I've done the same with my Sammy.

Changing channels is faster because the receiver doesn't have to renegotiate the HDMI handshake with the tv each time it changes the resolution of the signal it sends the tv.


----------



## TheRatPatrol (Oct 1, 2003)

Anyone notice any difference in PQ on ESPN now that its up converted to 1080i?


----------



## compnurd (Apr 23, 2007)

TheRatPatrol said:


> Anyone notice any difference in PQ on ESPN now that its up converted to 1080i?


No but I am sure someone here saw a pixel difference and the world is ending


----------



## slice1900 (Feb 14, 2013)

TheRatPatrol said:


> Anyone notice any difference in PQ on ESPN now that its up converted to 1080i?


What do you mean "now that it is upconverted to 1080i"? If it is, it is your receiver doing it. ESPN hasn't changed from 720p.


----------



## P Smith (Jul 25, 2002)

SledgeHammer said:


> Isn't there a flag in the stream that gives the aspect ratio so the dvr knows how to display it? Native must be mucking with that flag. Yes, agreed though... I'd say its highly unlikely that TCM is sending actual 4:3 HD.


Could be AFD &#8230; Active Format Description - Wikipedia


----------



## Bradman (Aug 8, 2011)

My CK61 was outputting 720p all the time with all resolutions checked after most recent FW, as soon as I made any changes, it now stays in 1080i. This allows full pixel non-zooming for 720p channels like ESPN, it seems. Really bad that Native was removed, the simpler fix would have been to make non-native the default, the vast majority of users would never think to change the setting at all.


----------



## JerryMeeker (Sep 20, 2007)

Bradman said:


> My CK61 was outputting 720p all the time with all resolutions checked after most recent FW, as soon as I made any changes, it now stays in 1080i. This allows full pixel non-zooming for 720p channels like ESPN, it seems. Really bad that Native was removed, the simpler fix would have been to make non-native the default, the vast majority of users would never think to change the setting at all.


What do you mean "full pixel non-zooming"? The C61K now outputs *everything *in 1080i, which means ESPN 720p is up-scaled in the device. Many of us think this degrades the PQ.


----------



## TheRatPatrol (Oct 1, 2003)

slice1900 said:


> What do you mean "now that it is upconverted to 1080i"? If it is, it is your receiver doing it. ESPN hasn't changed from 720p.





JerryMeeker said:


> What do you mean "full pixel non-zooming"? The C61K now outputs *everything *in 1080i, which means ESPN 720p is up-scaled in the device. Many of us think this degrades the PQ.


This. With the new software everything is outputted in 1080i.

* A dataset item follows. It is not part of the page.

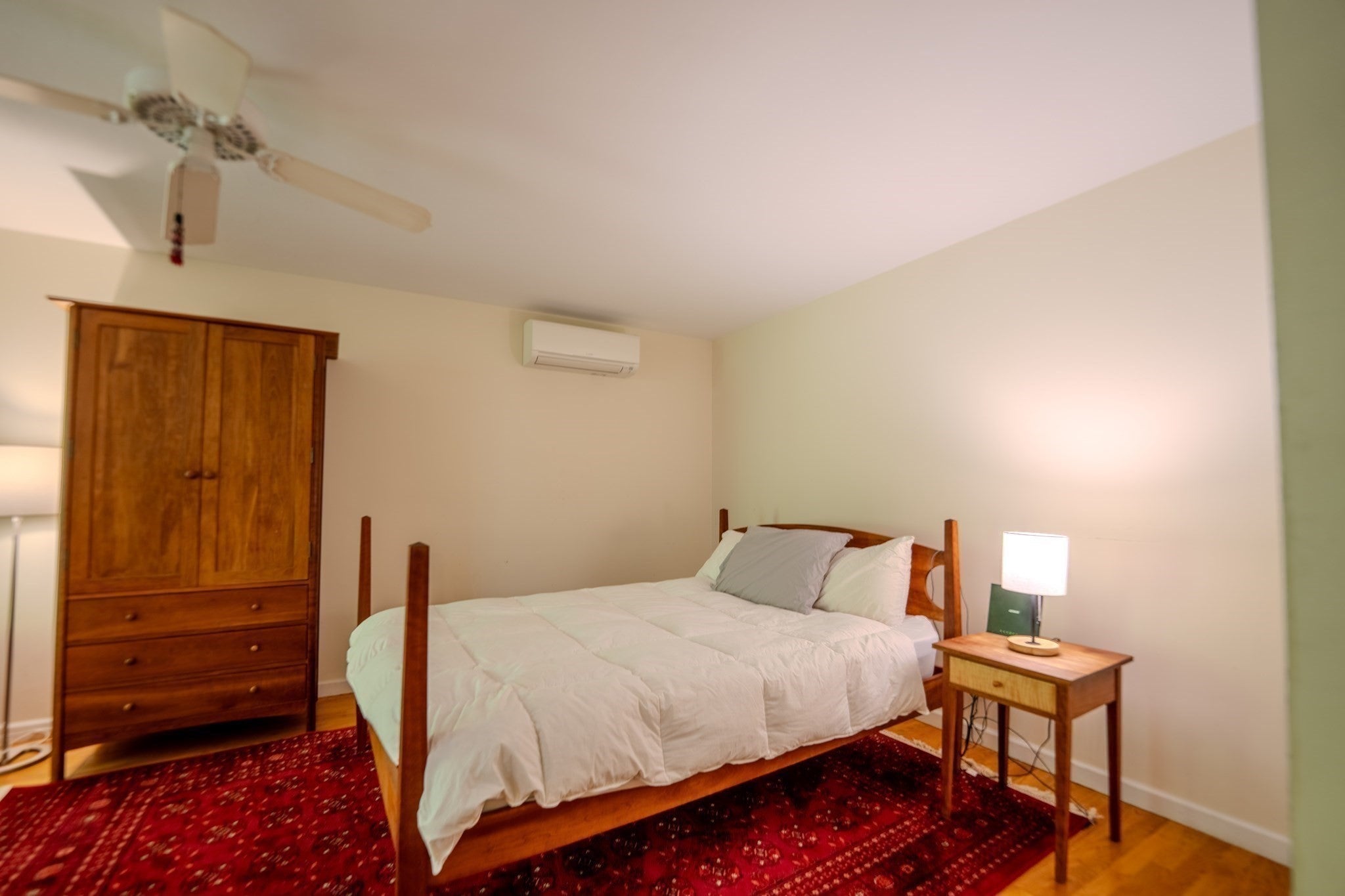 345 Rocky Hill Rd, Northampton, MA Photo #19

Unless you go in and change the settings ever time you want to watch a 720p channel, which is a PITA.

Why does AT&T have to remove everything thats not broken?


----------



## P Smith (Jul 25, 2002)

TheRatPatrol said:


> Why does AT&T have to remove everything thats not broken?


because such decision making by big wigs who have own "vision" what they feel must satisfy whole world


----------



## BigRedFan (Mar 28, 2010)

TheRatPatrol said:


> Anyone notice any difference in PQ on ESPN now that its up converted to 1080i?


Yes, watching the UM- Gators game on Saturday night the difference was quite obvious. Video was not as sharp on the running plays, 720p does the better job.

Plus, the up conversion to an interlaced format which is not ESPN's original production format adds a blurring effect in 1080i action plays which was not there before.

I'm now watching ESPN on my cable company's TiVO which passes through the native 720p. I compared both signals last night and it was a no-brainer to watch the game on the TiVo.


----------



## Bradman (Aug 8, 2011)

JerryMeeker said:


> What do you mean "full pixel non-zooming"? The C61K now outputs *everything *in 1080i, which means ESPN 720p is up-scaled in the device. Many of us think this degrades the PQ.


Many TVs cannot display full pixel mapping on 720p sources, resulting in a slightly zoomed image. 1080i ESPN looks great on my set, YMMV.


----------



## TheRatPatrol (Oct 1, 2003)

Bradman said:


> Many TVs cannot display full pixel mapping on 720p sources, resulting in a slightly zoomed image. 1080i ESPN looks great on my set, YMMV.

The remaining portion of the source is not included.